He slowly dropped the paper he was reading and looked at her. “You were not admitted,” he said flatly. “Stop disturbing yourself.”
Grace stared at him in shock. “That’s not true. I saw it. Mummy saw it.”
Her mother stood at the doorway, silent.
“Mummy, tell him,” Grace said, her voice shaking.
Mrs. Johnson looked down and said nothing.
Grace looked back at her father. “You’re lying.”
Mr. Johnson didn’t argue. He simply lifted his newspaper again as if the conversation meant nothing to him.
“Face your life,” he said coldly.
For a second, Grace just stood there, staring at him, hoping he would look up, hoping he would change his mind. But he didn’t.
Then she walked away in tears.
Grace did not give up after the first time. She filled another form, sat for another exam, and waited again. When the next admission came, she did not celebrate loudly.
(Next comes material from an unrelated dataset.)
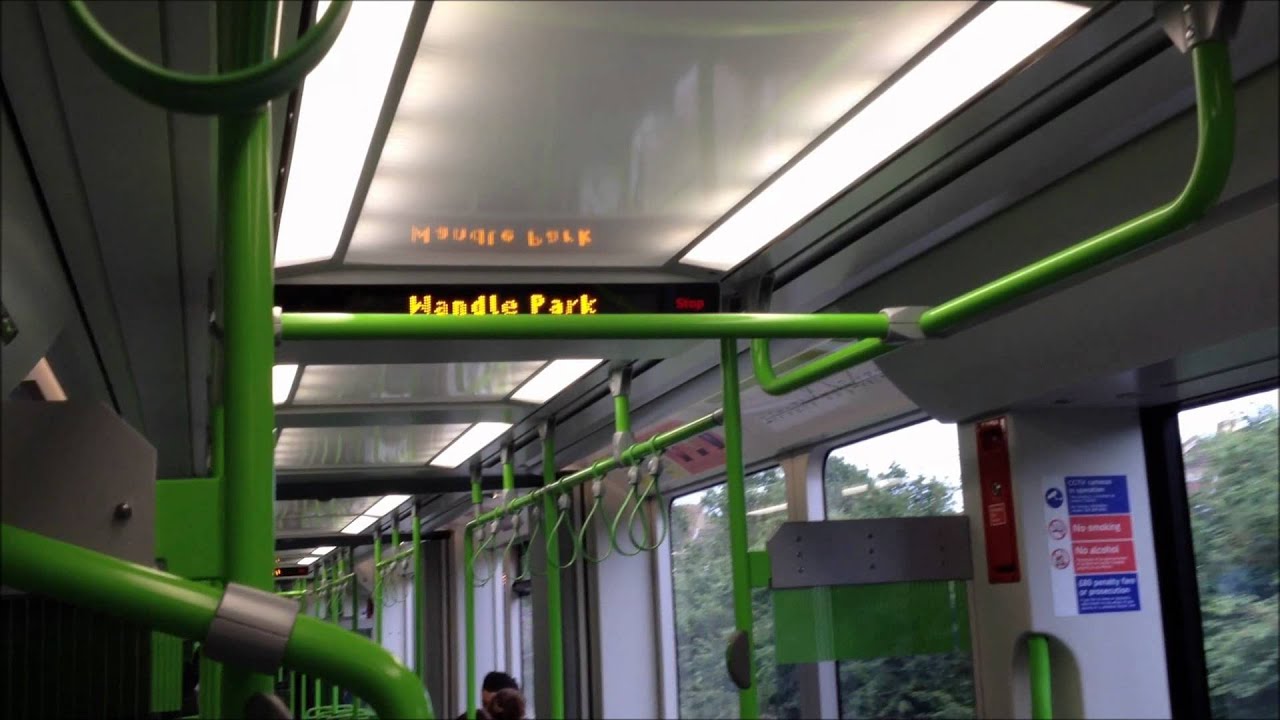 A ride of a NEW TRAM in Croydon Tramlink (2012)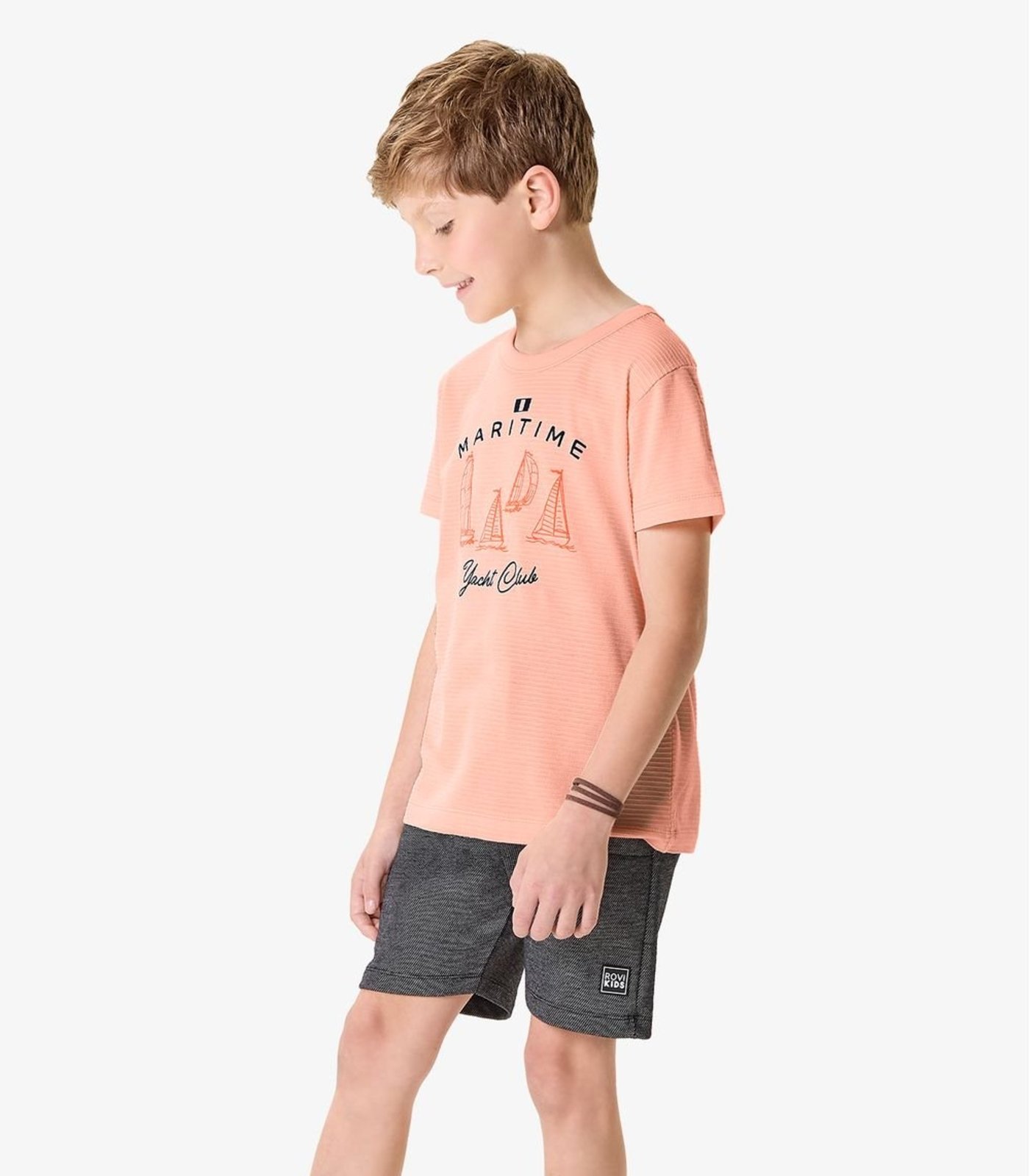 Infantil - Bermuda Moletom Rovi Preto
She kept it quiet, almost as if she were afraid of her own joy.
“Mummy, this time I will hide it,” she told her mother one night.
Mrs. Johnson looked worried, like someone who had so much to say but couldn’t. “Just be careful,” she said.
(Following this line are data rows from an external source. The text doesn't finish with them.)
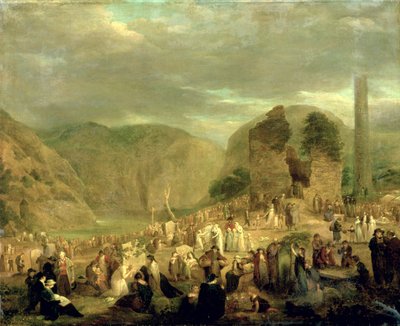 Den všech duší na hřbitově v Glendalough od Joseph Peacock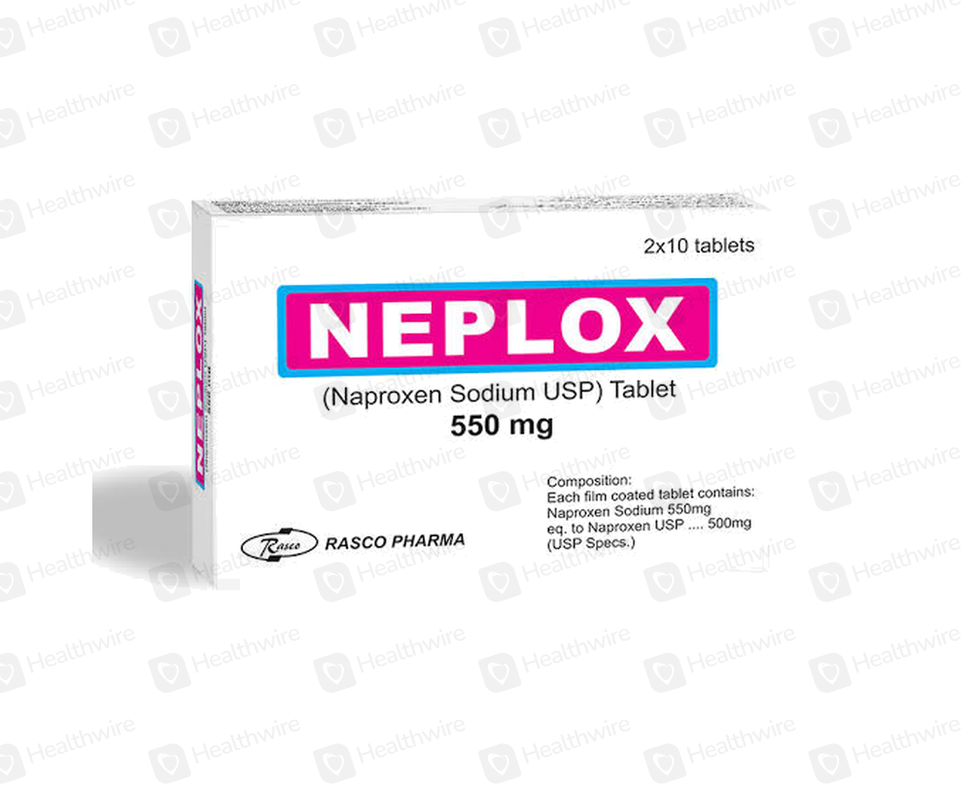 Neplox (550Mg) 20 Tablets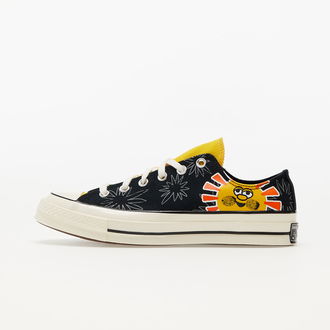 Converse Chuck 70 Sunny Floral Print Black/ Amarillo/ Bold Mandarin 2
Grace hid the letter inside her Bible, under her clothes. She checked it every night before sleeping, but three days later, it was gone.
She turned her room upside down. “No, no, no, no. It was here.”
That was the second time.
By the third time, she didn’t tell a soul, not even her mother. She gave the letter to her friend Deborah for safekeeping.
“I don’t trust this house anymore,” Grace admitted.
Deborah nodded and even offered Grace a place to stay when it was time to leave.
But somehow, her father still found out.
One evening, he called her into the room. Grace stood in front of him, trembling as he accused her of hiding things from him. When she tried to play it off, his voice turned sharp and dangerous.
The next morning, Deborah came running to the house, breathless.
“Grace, your father came to our house,” she whispered. “He took the letter.”
Everything went silent for Grace.
That was when her Uncle Peter finally stepped in. He shouted at her father one afternoon, demanding to know why he kept stopping his own daughter from bettering herself.
Mr. Johnson’s face tightened as he told Peter to stay out of his family business.
“She’s your daughter, not your property,” Peter yelled back, but he was eventually kicked out of the house.